Jozef Vengloš (18 February 1936 – 26 January 2021) was a Slovak professional football player and manager. He held a doctorate in Physical Education and also specialised in Psychology. He was selected by FIFA on various occasions to lecture at the FIFA academies throughout the world.

Playing career

Born in Ružomberok, Czechoslovakia (now in Slovakia), Vengloš played as a midfielder for Slovan Bratislava 1954–1966, and later captained the team, and also played for Czechoslovakia at the B level. After his playing career was prematurely ended by hepatitis, he began his managerial career in Australia, first in club football, before going on to manage the national team. He then returned to Czechoslovakia and coached at club and Under-23 national level.

Coaching career

In 1973, Vengloš was appointed as manager of Slovan Bratislava. During his three years in charge, he twice won the championship. He was also assistant manager of Czechoslovakia from 1973–1978. As assistant to Václav Ježek, he helped guide the team to victory in the Euro 1976, beating the Netherlands in the semi-finals and West Germany in the Final.
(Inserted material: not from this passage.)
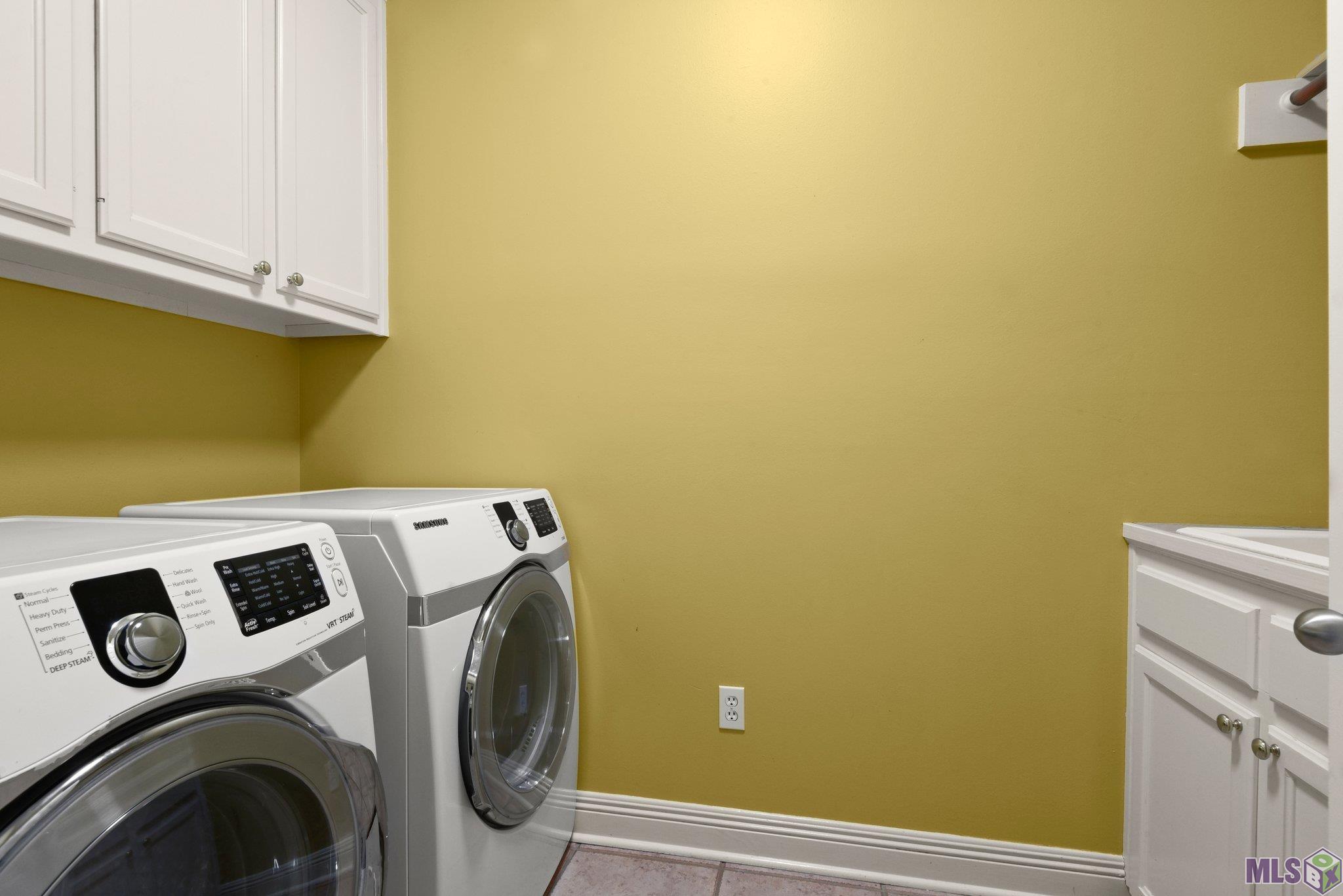 13543 Kimble Avenue Baton Rouge, LA 70810 - Photo 28 of 31 Laundry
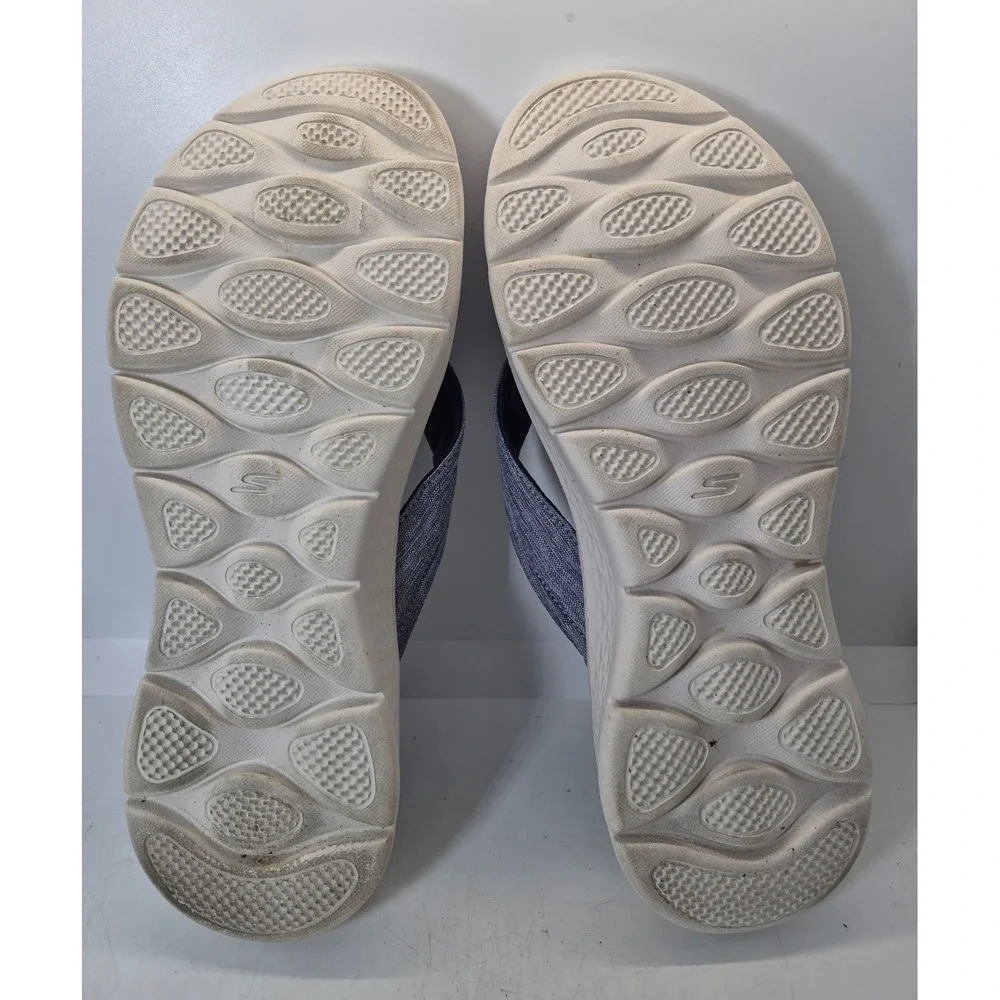 Skechers GoWalk Goga Mat Flip Flops 11 Blue Grey Thong Sandals Comfort Walking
As manager of Czechoslovakia from 1978 to 1982, Vengloš led his side to 3rd place in the 1980 European Championship. He also led them to the 1982 World Cup Finals, where they went out in the first round. He then coached Sporting Lisbon from 1983 to 1984, before coaching in Malaysia (Kuala Lumpur FA & Malaysia). In 1988, he was re-appointed to manage Czechoslovakia and took them to the quarter-finals of the 1990 World Cup.

Following the 1990 World Cup, he took over at Aston Villa, becoming the first manager born outside Britain or Ireland to take charge of a top division club in England. He left after one season after they finished just two places above the First Division relegation zone. He then moved to the Turkish league, where he managed Fenerbahçe from 1991 to 1993. He was the first manager of the Slovakia national team from 1993 to 1995, before managing Oman 1996–1997.

Vengloš was appointed as Head Coach of Celtic on 17 July 1998. Season 1998–99 saw his Celtic team in some excellent form, but they failed to qualify for the Champions League. At the end of the season, Vengloš left to take up a new position as a European technical adviser and as a scout for Celtic. He is most credited with signing fans' idol Ľubomír Moravčík during his season as manager. Other successful signings include club legend Johan Mjallby and while a trophy evaded Vengloš, he is still looked upon fondly by fans for bringing such players to the club. The stand-out of his reign came as his Celtic side inflicted a punishing 5–1 defeat on arch-rivals Rangers in the first half of the season. In the new year of 1999, he also took Celtic to Ibrox where they held their Old Firm rivals to a 2–2 draw on their own soil.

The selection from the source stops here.